Second Takes: Critical Approaches to the Film Sequel, Carolyn Jess-Cooke and Constantine Verevis (eds.)

Second Takes: Critical Approaches to the Film Sequel (Cover)

Albany, NY: SUNY Press, 2010
ISBN: 978 1 4384 3030 0
US$ 29.95 (pb)
264 pp.
(Review copy supplied by SUNY Press)

Second Takes examines a proliferating cinematic mode of production that increasingly informs film release schedules: the sequel. As Michael Cieply states in a 2007 New York Times article, “In the last five years, only about 20 percent of the films with more than $200 million in domestic ticket sales were purely original in concept, rather than a sequel or an adaptation of some pre-existing material.” [1] Although critics have largely dismissed the sequel (and the remake) “as a textual leech, a formulaic financial format, and the assassin of ‘originality’” (p. 4), blockbusters such as the sequels of the Die Hard, Pirates of the Caribbean, Shrek, Spider-Man, X-Men, or Batman franchises constitute but a short list of successful sequelizations that were released in the recent past and have decisively shaped the contemporary media climate.
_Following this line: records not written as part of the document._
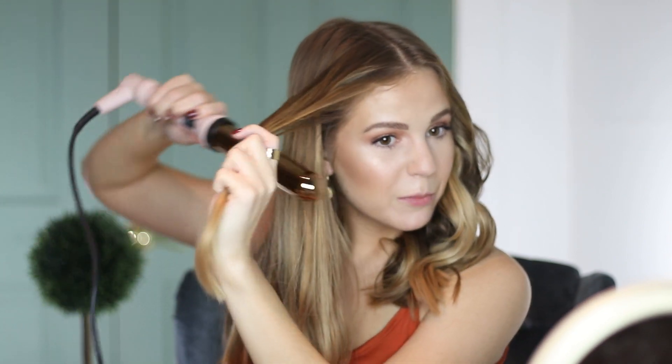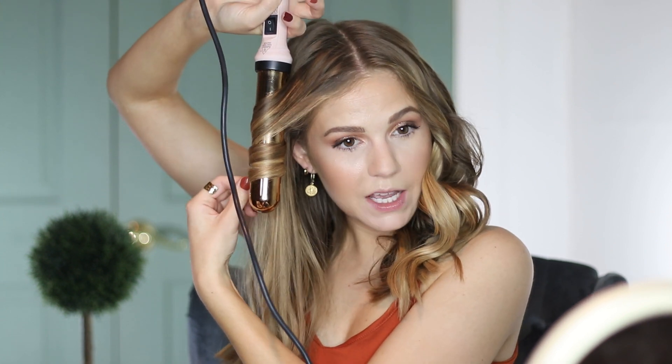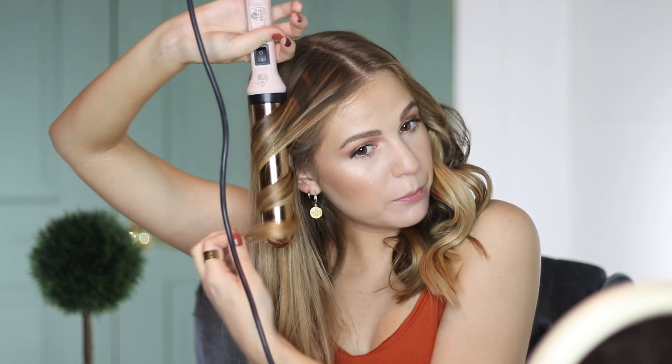Now that I'm doing the opposite side, I'm just going to show you the first curl so you can see, but I really utilize the same technique on both sides. Also, I want to mention — try to keep the wand facing up and down. If it's sideways, you're going to get a different shape, so you do want to keep it upright. Catch the curl after you drop it, hold it for a few seconds, and that's it.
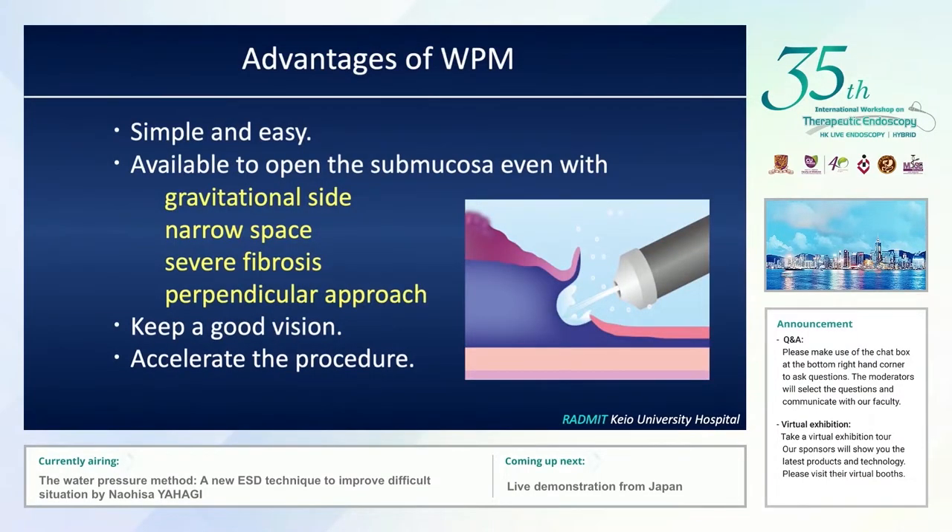There are many advantages of the water pressure method. First, it is simple and easy. Second, it is able to open the submucosal space even in difficult situations such as the gravitational side, narrow space, severe fibrosis, and perpendicular approach — all challenging situations for ESD. It also maintains good vision by avoiding light reflection and smoky effects, and of course it can accelerate the procedure.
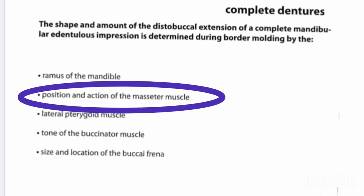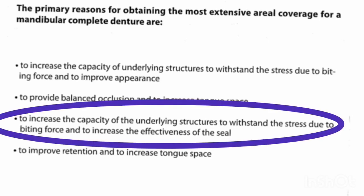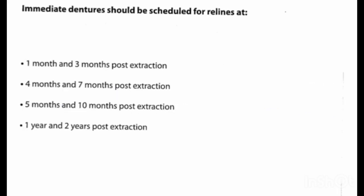The distal buccal extension is determined by the position and action of the masseter muscle. Remember that mandibular dentures do not rely on suction from the peripheral seal retention as maxillary dentures do, but rather on denture stability by covering as much basal bone as possible without impinging on the muscle attachment.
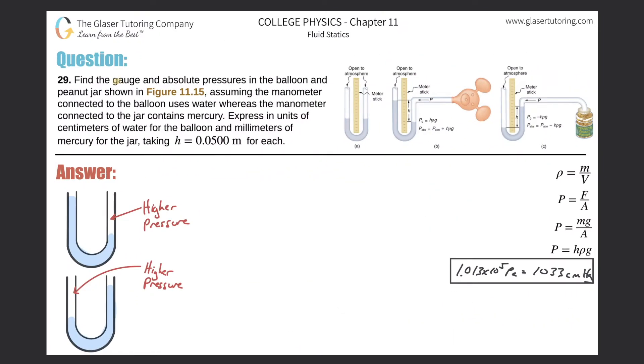Number 29: find the gauge and absolute pressures in the balloon and peanut jar shown in figure 11.15, assuming the manometer connected to the balloon uses water whereas the manometer connected to the jar contains mercury, expressing units of centimeters of water for the balloon and millimeters of mercury for the jar, taking the height to be 0.05 meters for each.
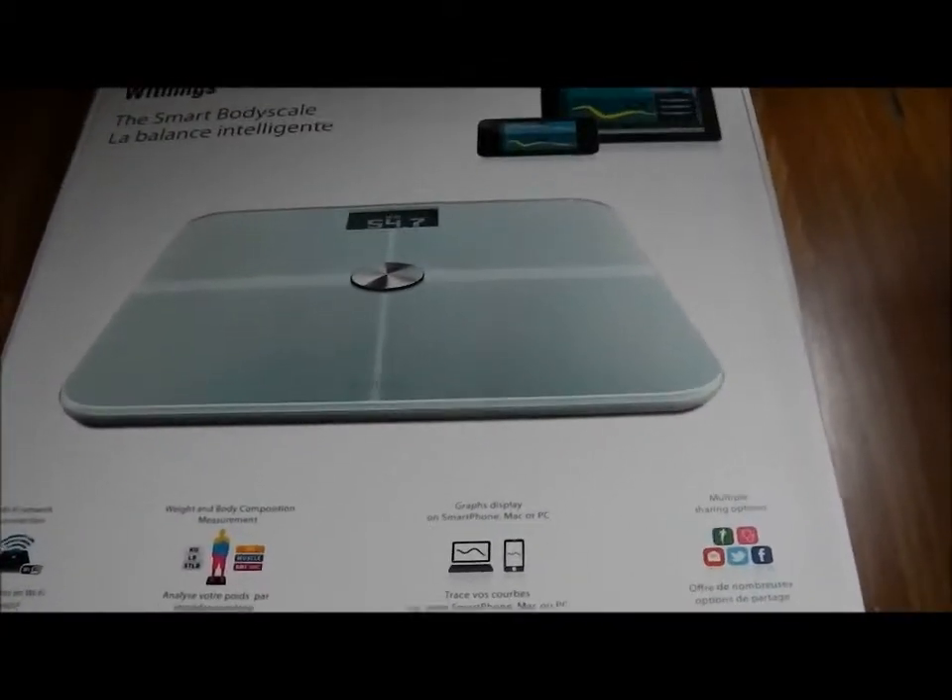Hi, this is a quick look at the Withings Wi-Fi scales. This is the box you get with it. The scales themselves are really nice — glass plate, aluminium finish underneath.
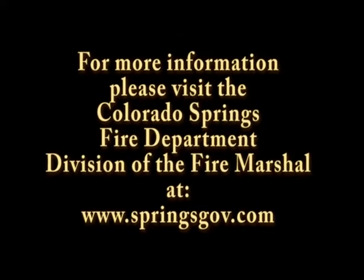Always remember: if the fire is too big and gets out of hand, please exit the building, pull the pull station before you leave, and call 9-1-1. If you have any further questions about anything shown in the video or anything that wasn't shown, please don't hesitate to contact the Colorado Springs Fire Department Division of the Fire Marshal.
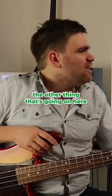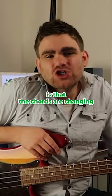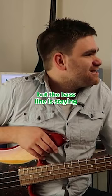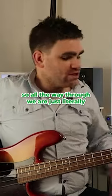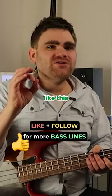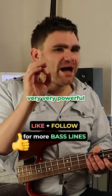The other thing that's going on here is that the chords are changing in the guitar part, but the bass line — or the bass note — is staying the same. So all the way through, we are just literally sitting on an A. Very, very simple, but very, very powerful.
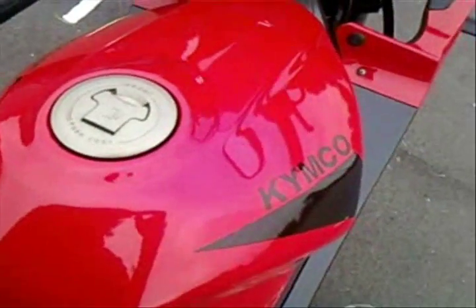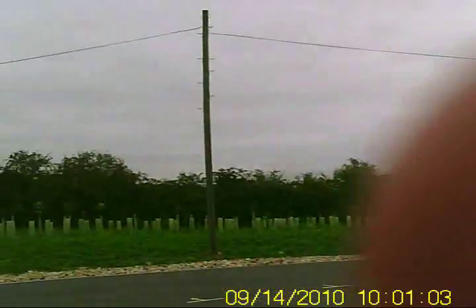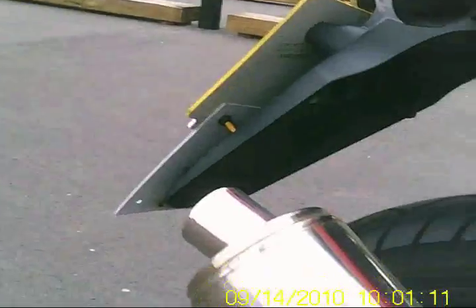I am going to show you the sticker on the tank there. The video cut off a bit early, so I got my helmet cam out. I just wanted to show you the exhaust and the engine sound.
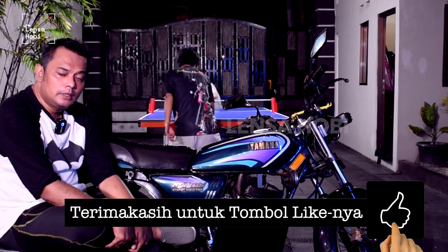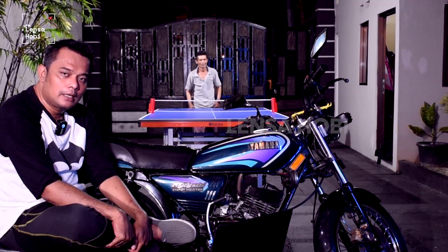Oke teman-teman Lensa Hobi, demikian review dari motor Yamaha RX Special ini.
And yet, despite their strong cinematic presence, film sequels have received only limited scholarly attention so far. [2] Published as part of the SUNY series “Horizons of Cinema,” Second Takes is the first essay collection exploring the trend of sequelization and multi-film franchises in contemporary cinema and an excellent and valuable addition to the slowly growing field of academic research on sequels, series, and remakes. Both editors, Carolyn Jess-Cooke and Constantine Verevis, have already published well-acclaimed books on the remake and the sequel [3] , and their new essay collection, Second Takes, proposes innovative critical approaches to the film sequel that challenge previous notions of “‘better-ness’ and retrospectivity,” “of the film sequel as a ‘part two’ or continuation of a previous ‘original’” (p. 3)―as is the case with third film installments such as Ocean’s Thirteen (Steven Soderbergh, 2007). Instead, the collection focuses on “the sequel’s industrial, aesthetic, cultural, political, and theoretical contexts” (p. 4). And, as the editors state in their introduction,

[a]s one of the few books on sequelization, this collection discusses the sequel’s investments in repetition, difference, continuation, and retroactivity, and particularly those attitudes and approaches toward the sequel that see it as a kind of figurehead of Hollywood’s imperatives. (p. 4)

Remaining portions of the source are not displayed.